The problem = Starting at the line holding "BLOOD & BLOOD" and finishing at the line holding "巴埃纳回忆冲突经历：小蜘蛛被锁与放弃足球的抉择", transcribe the material exactly, keeping both ends but no pictures.

Input =
+-------+

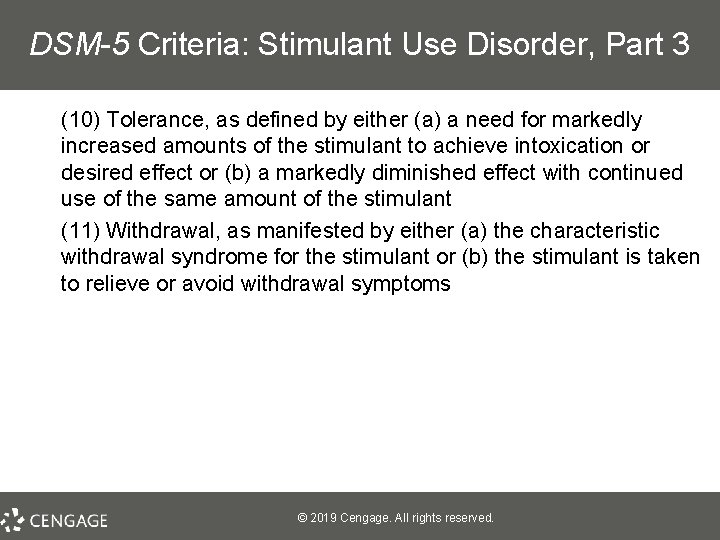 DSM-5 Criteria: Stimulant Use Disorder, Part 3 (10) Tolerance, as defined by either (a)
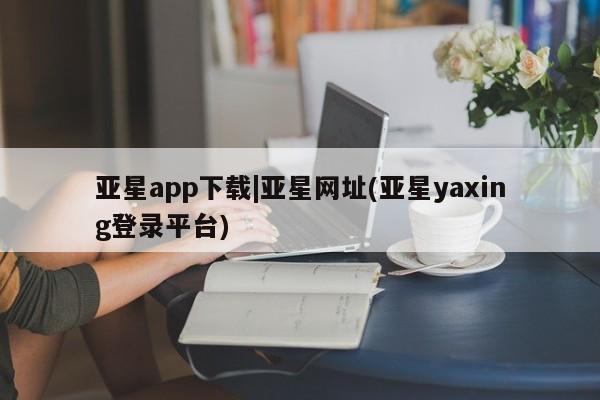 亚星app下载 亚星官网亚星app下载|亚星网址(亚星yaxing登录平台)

+-------+

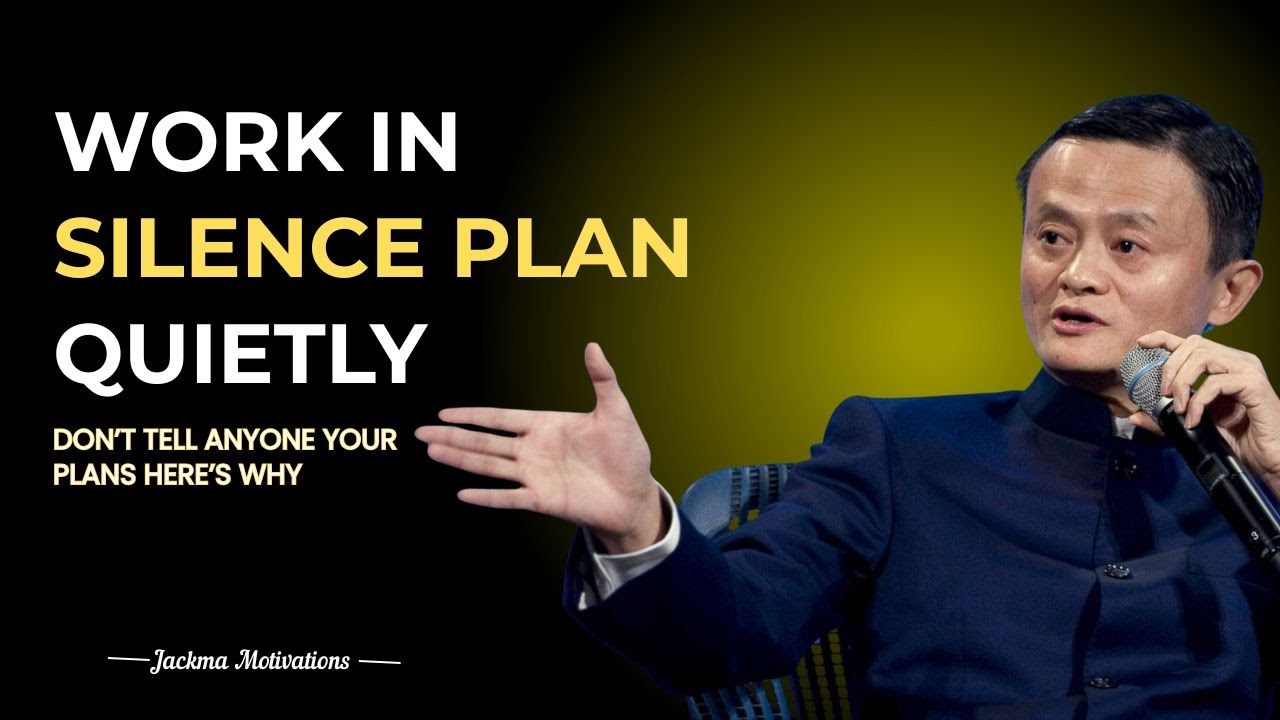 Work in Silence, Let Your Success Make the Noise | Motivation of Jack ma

+-------+

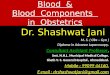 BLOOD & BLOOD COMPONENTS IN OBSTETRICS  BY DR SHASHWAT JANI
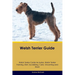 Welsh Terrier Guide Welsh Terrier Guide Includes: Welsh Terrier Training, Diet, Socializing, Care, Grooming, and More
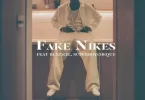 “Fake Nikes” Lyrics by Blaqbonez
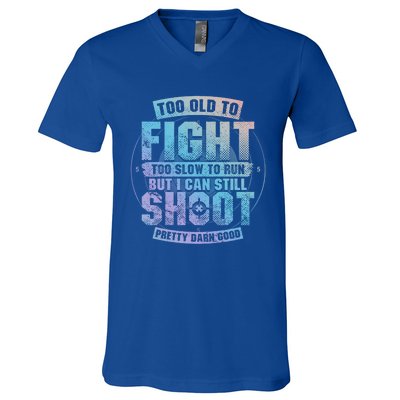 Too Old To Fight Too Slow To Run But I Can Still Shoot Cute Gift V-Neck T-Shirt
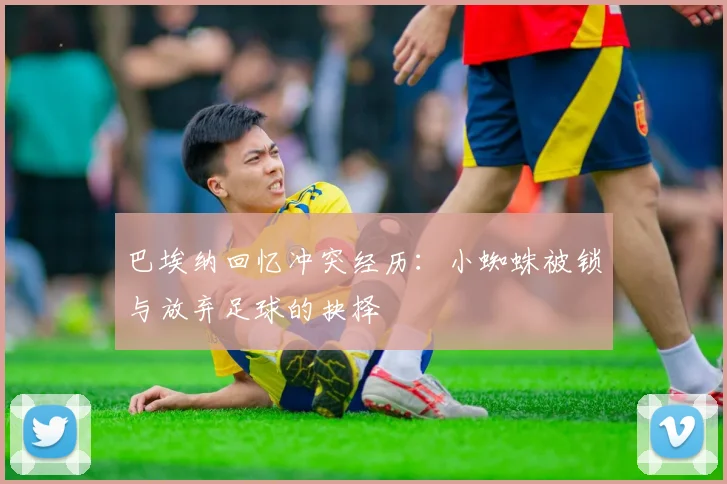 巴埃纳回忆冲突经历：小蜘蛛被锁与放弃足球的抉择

+-------+

Exercise answer =
 BLOOD & BLOOD COMPONENTS IN OBSTETRICS  BY DR SHASHWAT JANI
 Welsh Terrier Guide Welsh Terrier Guide Includes: Welsh Terrier Training, Diet, Socializing, Care, Grooming, and More
 “Fake Nikes” Lyrics by Blaqbonez
 Too Old To Fight Too Slow To Run But I Can Still Shoot Cute Gift V-Neck T-Shirt
 巴埃纳回忆冲突经历：小蜘蛛被锁与放弃足球的抉择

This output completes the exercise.